L’intégration des publics féminins

Le critère 5 concernant l’intégration des publics féminins reste problématique. Il est considéré comme un objectif complexe à atteindre. La difficulté d’établir une mixité des genres dans les structures concerne tout particulièrement le secteur des préadolescents et des adolescents. L’animation jeunesse, si l’on en croit les coordinateurs rencontrés, est encore pensée comme destinée à un public essentiellement masculin. À croire que son image a connu une évolution peu sensible sur ce sujet, même si la préoccupation de la mixité est dorénavant présente. Souvent, l’animation est née d’une volonté municipale pour contrer les problèmes liés à la délin- quance, d’où la difficulté de faire évoluer les représentations. De plus, les centres d’animation sont confrontés aux problèmes de recrutement des animatrices, ce qui ne facilite pas l’adhésion des publics féminins. L’équipe encadrante ne reflète pas elle-même cette parité qui est exigée dans le label. La question de la place des filles dans ces accueils n’est pas clairement définie et comprise par certaines structures. Cependant, depuis le lancement du label, elle a évolué. Au départ, elles étaient peu présentes, aujourd’hui l’évolution est réelle mais encore faible. Les structures n’hésitent pas à mettre en place des activités traditionnellement considérées comme « féminines », comme des séances de coiffure et de beauté avec des professionnels ou des ateliers sportifs (comme la danse) afin de les intégrer pleinement.
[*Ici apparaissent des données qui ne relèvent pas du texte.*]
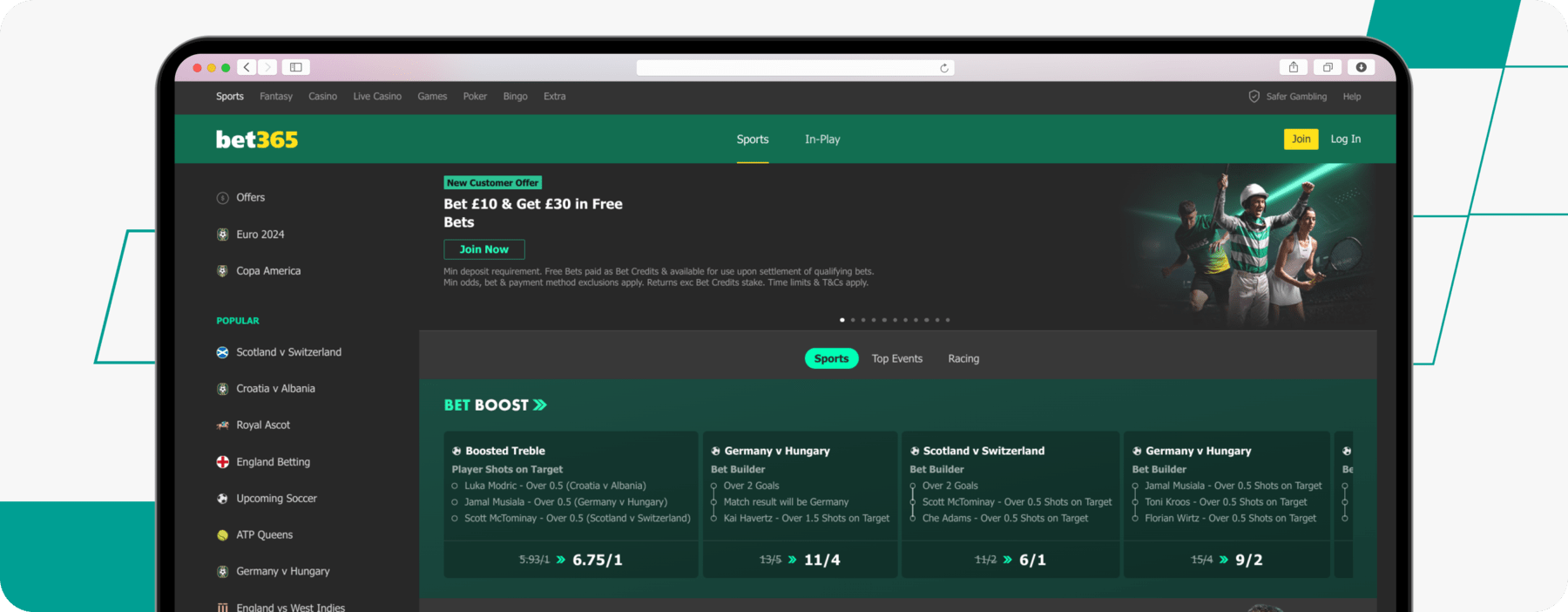 desktop screenshot of bet365 betting site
L’objet est surtout de favoriser leur présence autour d’activités structurantes à une période où les adolescents sont en quête d’identité.
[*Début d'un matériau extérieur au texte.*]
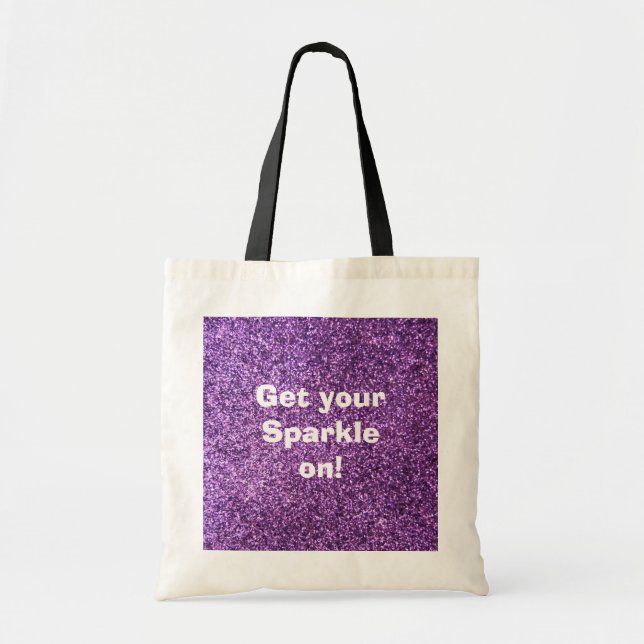 Faux Purple Glitter Tote Bag (Front)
Les parents comme partenaires incontournables

Le critère 9, consistant à intégrer les parents comme partenaires incontournables, fait débat au sein des structures. Comment intégrer des parents lorsque leur demande de départ est celle d’une garde pour leurs enfants ? La mission première des animateurs serait alors de satisfaire cette demande. Ensuite, l’intégration des parents se fait de manière stratégique : certaines structures ont des animateurs référents pour l’accueil des parents, d’autres les intègrent dans les animations ou dans les conseils d’administration. Or, rapidement apparaissent des limites notamment éthiques comme l’investissement d’un noyau limité de parents. De plus, les parents participant aux conseils d’administration sont peu nombreux et doivent faire preuve de disponibilité.